Image-0-Artigo-1830005-1
Foi apresentado na manhã de ontem o projeto "Audiência de Custódia", do Conselho Nacional de Justiça (CNJ), como alternativa para aliviar o sistema carcerário cearense. Na ocasião, o juiz auxiliar da Presidência do CNJ e coordenador do Departamento de Monitoramento e Fiscalização do
Sistema Carcerário e do Sistema de Execução de Medidas Socioeducativas (DMF), Luís Geraldo Santana Lanfredi, esteve no Tribunal de Justiça do Estado do Ceará (TJCE) e explicou a ação para magistrados e demais atores do Sistema Judiciário.

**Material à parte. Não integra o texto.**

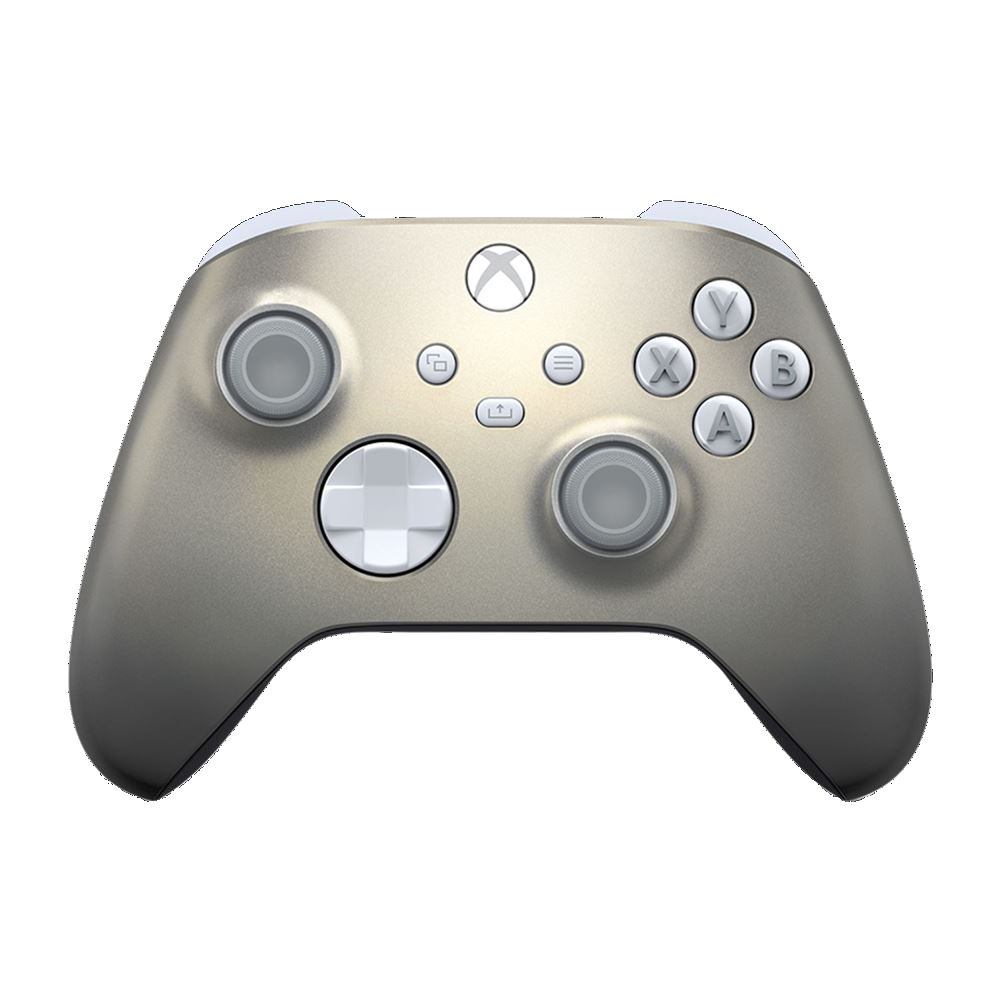 Mando - Microsoft Lunar Shift Edición Limitada, Xbox One, Series X, Series S, Inalámbrico, Silver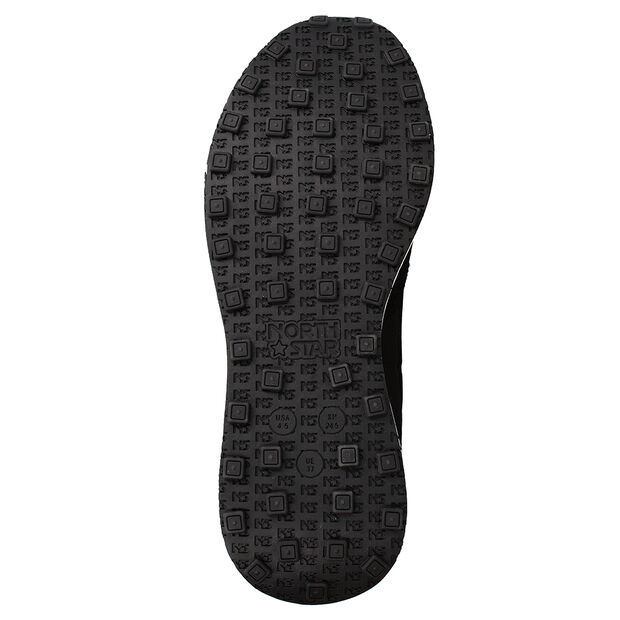 Zapatilla Mujer North Star Retro Stellar, NEGRO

O projeto já funciona em São Paulo. O Ceará faz parte de um segundo momento de testes promovido pelo Conselho Nacional de Justiça, que pretende ampliar a atuação das audiências para todo o País em um prazo de seis anos. "Não está em discussão abolir a prisão, mas a reivindicação de direitos", disse o juiz auxiliar do CNJ.
Conforme a apresentação, os presos em flagrante no Estado serão levados em um prazo máximo de 24 horas à presença de um juiz. Desta forma, com a criação de uma estrutura, viabilizada pelo Tribunal de Justiça do Ceará (TJCE), serão encaminhados à primeira audiência em menor tempo. Atualmente, o contato entre a pessoa presa e o juiz só se dá, na maioria dos casos, conforme o CNJ, meses depois da prisão, no dia da audiência de instrução e julgamento.
Nesse período, o preso fica sob a responsabilidade do Estado, que teria gasto entre R$ 3 e 4 mil por mês, de acordo com a média nacional, lotando as Cadeias Públicas por todo o País. Lanfredi enfatizou a necessidade de tomada de atitudes urgentes para desafogar o sistema prisional. "Nosso sistema carcerário está em colapso e precisamos agir. Temos uma população de 600 mil presos em todo o Brasil, segunda maior do mundo. Conforme média nacional, 42% deste contingente é de presos provisórios, aguardando sentença. Temos de reavaliar o sistema carcerário como um todo. A atual estrutura é incapaz de resolver", afirmou.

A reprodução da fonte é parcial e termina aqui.